Intimately close to atrocious events such as the murder of filmmaker Polanski's wife by the so-called "Manson Family", and the excesses of those times, Didion made a series of essays, chronicles and reports, approaching the facts as a mental and spiritual illness, beyond good and evil, black and white. If not, the result of a disordered politics and a decadent society, hidden under the golden dream.

For Didion, her place of origin in Sacramento, California, represented the ideal scenario to carry her reflections as a reality to be told. Through fiction, chronicles and essays, the author expressed the duality of love and hate, for a city that would become the core of all her works. California was the territory where love and chaos came together through Didion's personal story, like two waves that collide in the sea to merge rapidly.

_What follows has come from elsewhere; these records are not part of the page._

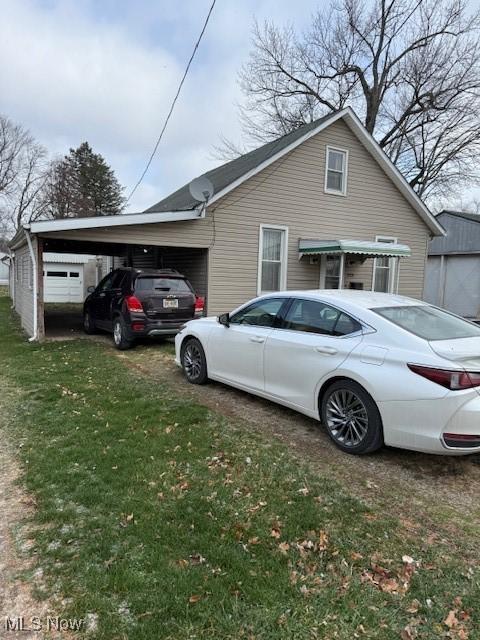 view of side of property featuring a lawn and a carport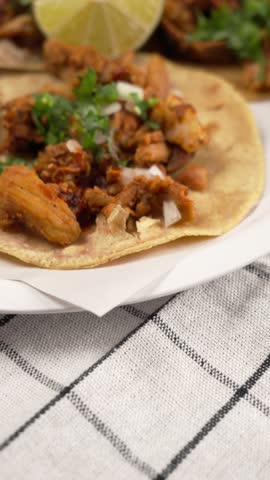 Vertical food video ultra close up of tacos al pastor on a taco shop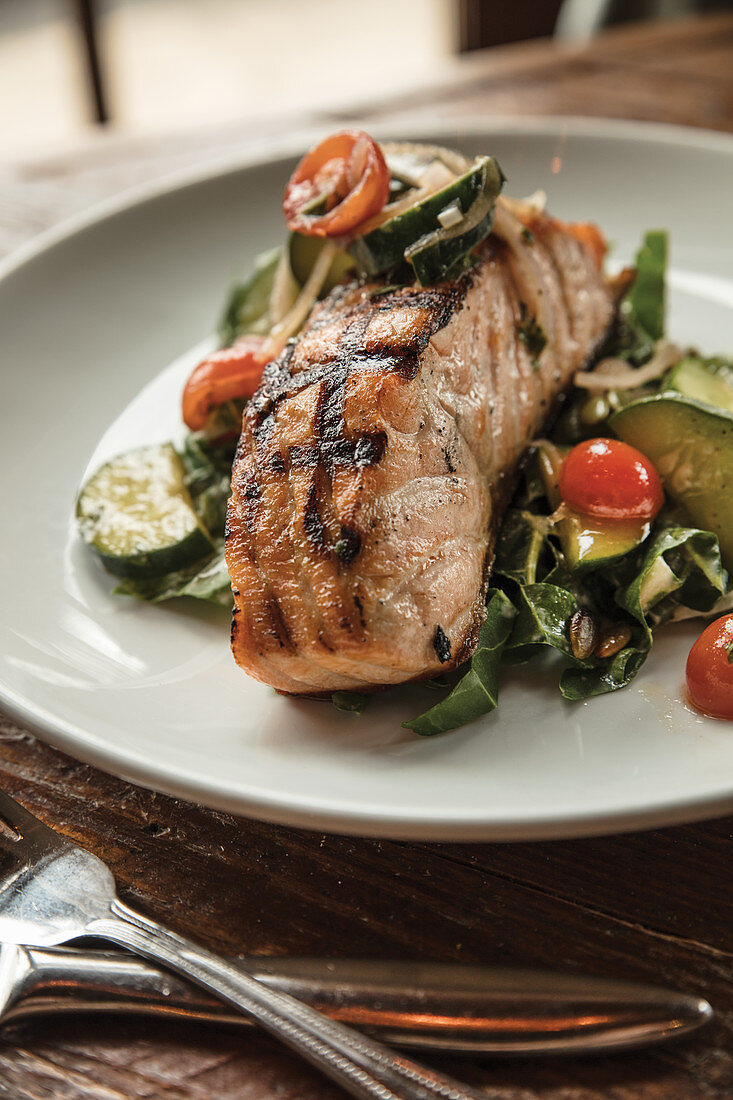 Woodfire-grilled salmon with Swiss chard and tahini salad, tomato and cucumber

His chronicles, essays and articles from that period can be found in the anthology Those who dream the golden dream (2003), a compilation that recovers autobiographical texts from some of his books, such as Crawling towards Bethlehem (1968), The white album (1979), Salvador (1983) o Miami (1987).

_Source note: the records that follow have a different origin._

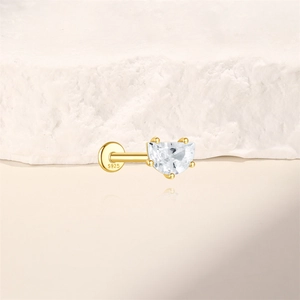 Detail of S925 sterling silver stamp on golden labret stud with white zircon stone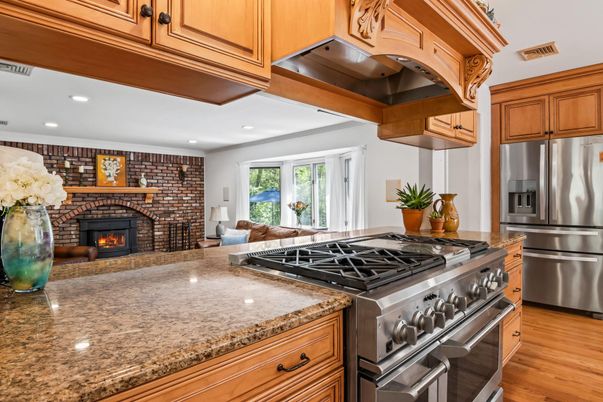 Fireplace, Interior, Kitchen, Recessed Lighting, Stainless Steel Appliances, Stone Walls, Wood Texture Flooring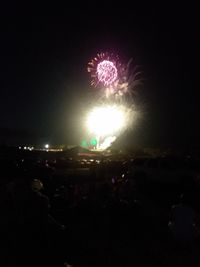 Firework display at night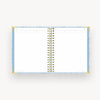 light blue notebook open to lined pages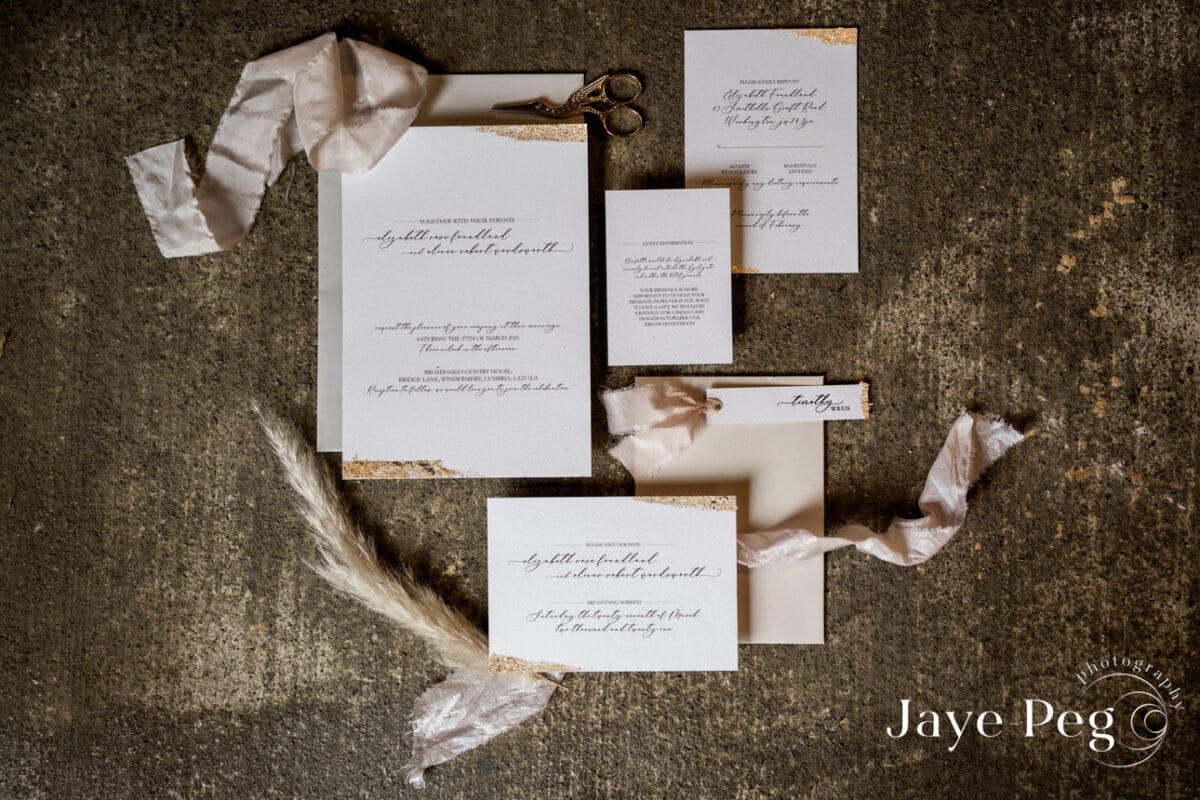 a flat lay of wedding stationery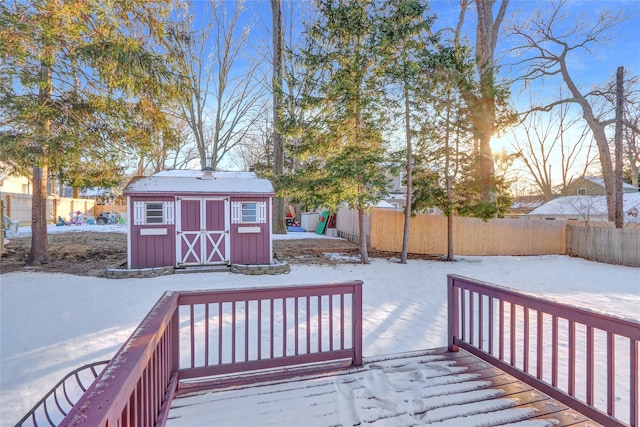 snow covered deck featuring a shed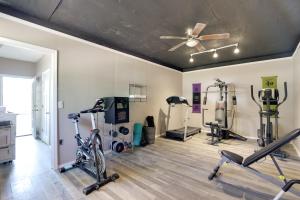 a gym with bikes and exercise equipment in a room at Georgia Tiny Home on Farm Retreat Hike On-Site! in Lithonia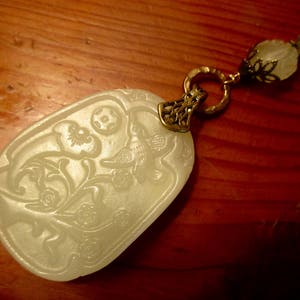Puede incluir: Un colgante de jade blanco con un dise&ntilde;o floral y un p&aacute;jaro, unido a una cadena dorada con un cierre decorativo.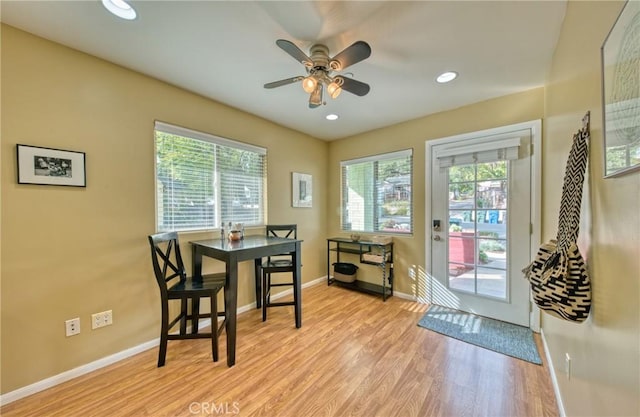 dining area with light wood finished floors, ceiling fan, baseboards, and recessed lighting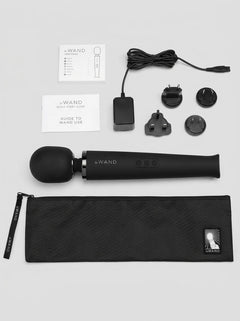 Le Wand Rechargeable Wand Massager Vibrator Black laid out with travel pouch, charging cable, adaptor plugs and instruction guides.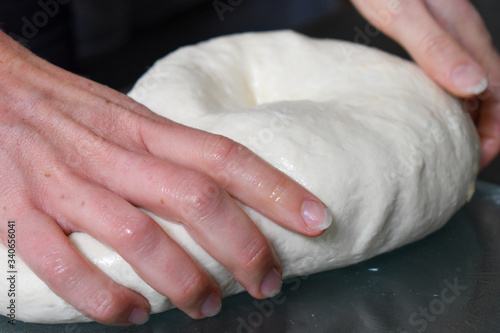 Close up of a womans hand kneading dough used for home baked bread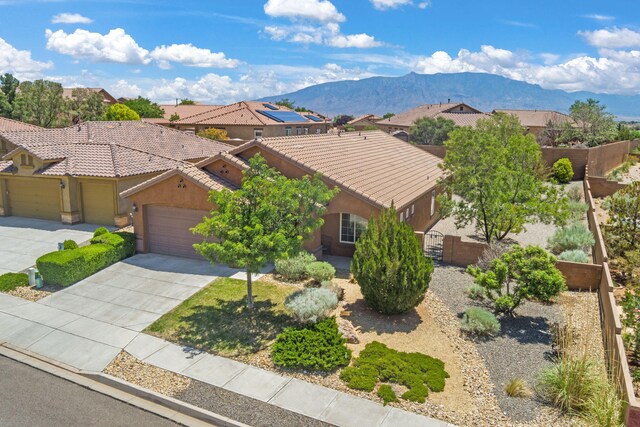 429 Paseo Vista Loop NE, Rio Rancho, NM 87124 - view of front of house with stucco siding, a mountain view, a tile roof, concrete driveway, and an attached garage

Didion's critical eye put on the sore spot, exposing cancer without trying to remedy it with literary juggling is what brought the writer to fame: emphasizing the pain, not hiding it. As shown by her nephew and filmmaker Griffin Dunne in the documentary The Center Will Not Hold (Netflix), in which Didion explains several facts of her life and work from its beginnings until the death of her husband and daughter in 2003, which she also narrates in her book The year of magical thinking (2005).

In the same documentary Didion says: "while I write I want them to know who I am and where I am and what goes on in my head", statements that she managed to capture in her literature through the intimacy of her stories and the clarity to put on the table sordid, painful and often dark themes that permeated both the fiction of her novels and the truth of her many essays.

As a writer radically separated from the ideas of others, Didion is a reference for contemporary literature today, since in her ideas permeates the possibility of unveiling the history of injustices, to know about the importance of self-love and, at the same time, to empathize with an author whose work is nothing more than a reflection of a life full of circumstances that went through her own artistic creation.

As a journalist, essayist, novelist, screenwriter, mother and wife, Didion was a woman who sought through her texts a way to "tell herself", to place herself in front of the facts and to find a certain personal growth in her own reflections. It is not surprising that the snake that always accompanies her in covers and illustrations is the metaphor of her questions about life, of her constant and infinite search for answers; the beginning and the end that induce her to decipher in her mind her dreams and nightmares. Because as the author argues: ?killing a snake is like having a.?

Joan Didion, more than being a writer about the pain and elegy of life, was an author who thought about her universal chaos and then transferred her visions to the order of ideas, of words. She was a journalist who managed to portray the reality of an era without losing her critical judgment and human qualities. She was a columnist who brought to the table important issues such as self-esteem, character and femininity as synonyms of strength and intelligence. And, above all, Joan Didion was a writer who bet on removing the rhetoric from the narrative to confront the nonsense that surrounds existence.

1References to the essay entitled "When you are discarded by the university you preferred" from the book of essays entitled "When you are discarded by the university you preferred". What I want to say (2021), by the author.